Tras unas charlas sinceras, Gala volvió a la ciudad. Pensó que Alejandro era muy callado y reservado. «Tal vez está preocupado por su esposa. Pobre hombre, poco corazón», reflexionó.

Una semana después, en sábado, alguien llamó a su puerta. No esperaba a nadie. Al abrir, encontró a Alejandro con una bolsa en la mano.

Permiso, Gala, paso por el mercado y he pensado en pasar a saludarte, ahora que ya nos conocemos dijo, sonrojado, con una frase ya ensayada.

Gala lo invitó a entrar. Aún sorprendida, le ofreció té, sospechando que su visita no era casual.

¿Habéis comprado todo lo necesario? preguntó Gala.

Sí, lo llevo en el coche. Y esto es para ti Alejandro sacó de la bolsa un pequeño ramo de tulipanes y se lo tendió.

Gala tomó el ramo; sus ojos brillaron. Se sentaron a tomar el té en la cocina, hablando del tiempo y de los precios del mercado. Cuando terminaron, Alejandro se levantó, se puso el chaqué y los zapatos, y, a punto de salir, se volvió hacia ella.

Si me marcho ahora sin decirte nada, no me perdonaré confesó. Toda la semana he pensado en ti. Lo juro. Necesitaba un descanso, y el sábado lo aproveché. Saqué la dirección de Sergio

Gala se sonrojó y bajó la mirada.

Apenas nos conocemos replicó ella.

No importa. Lo importante es que no te resulte desagradable. ¿Podemos tutearnos? añadió. No soy el hombre perfecto. Tengo una hija de ocho años, ahora está con su abuela.

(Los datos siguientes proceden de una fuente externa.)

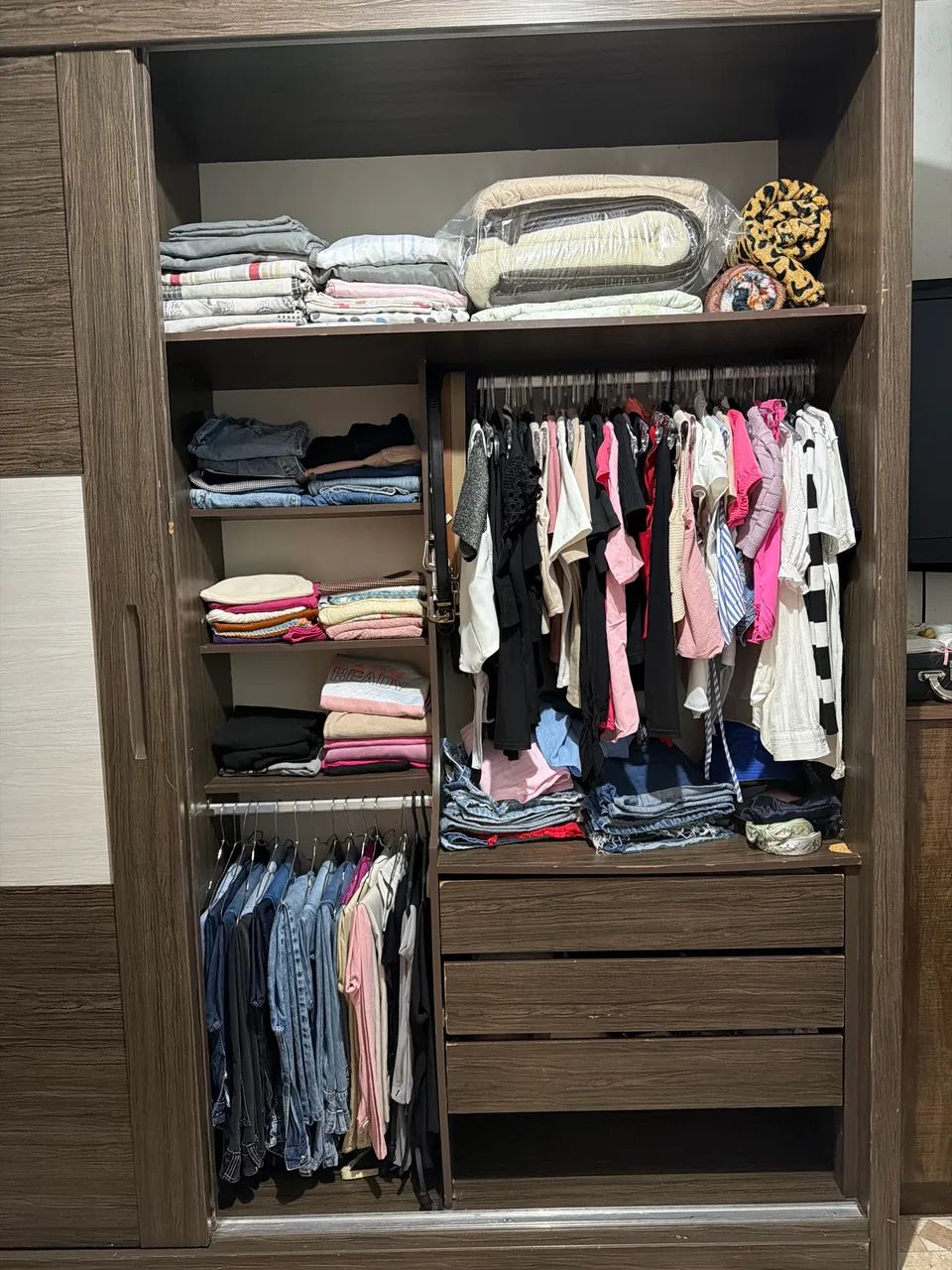 Guarda roupa  - Foto 2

Alejandro temblaba ligeramente.

Una hija es una bendición dijo Gala soñadora. Siempre quise una niña.

Animado por esas palabras, Alejandro tomó las manos de Gala, la acercó y la besó.

Tras el beso, Alejandro la miró; en sus ojos había una lágrima.

¿Te resulto desagradable? preguntó, preocupado.

Para nada. Es algo que nunca imaginé dulce y tranquilo. No le robo nada a nadie.

Desde entonces se vieron cada fin de semana. Dos meses después, Gala y Alejandro se casaron y se establecieron en el pueblo. Gala consiguió trabajo en una guardería. Un año después nació su hija, y pronto llegaron dos niñas, ambas queridas y cuidadas por igual. El amor de Alejandro y Gala se fortalecía con los años, como el buen vino que mejora con el tiempo.

Sergio, en las cenas familiares, le guiñaba el ojo a Gala y decía:

¿Qué tal, Galita? ¿Contenta con el marido que te he presentado? Cada día te haces más feliz. No te aconsejo nada malo, hermano, ¡escucha a la familia!

Al final, Gala comprendió que la verdadera felicidad no depende de la ausencia de errores, sino de la valentía para reconocerlos, aprender de ellos y abrir el corazón a nuevas oportunidades. El amor auténtico florece cuando se deja atrás el miedo y se abraza la vida con honestidad.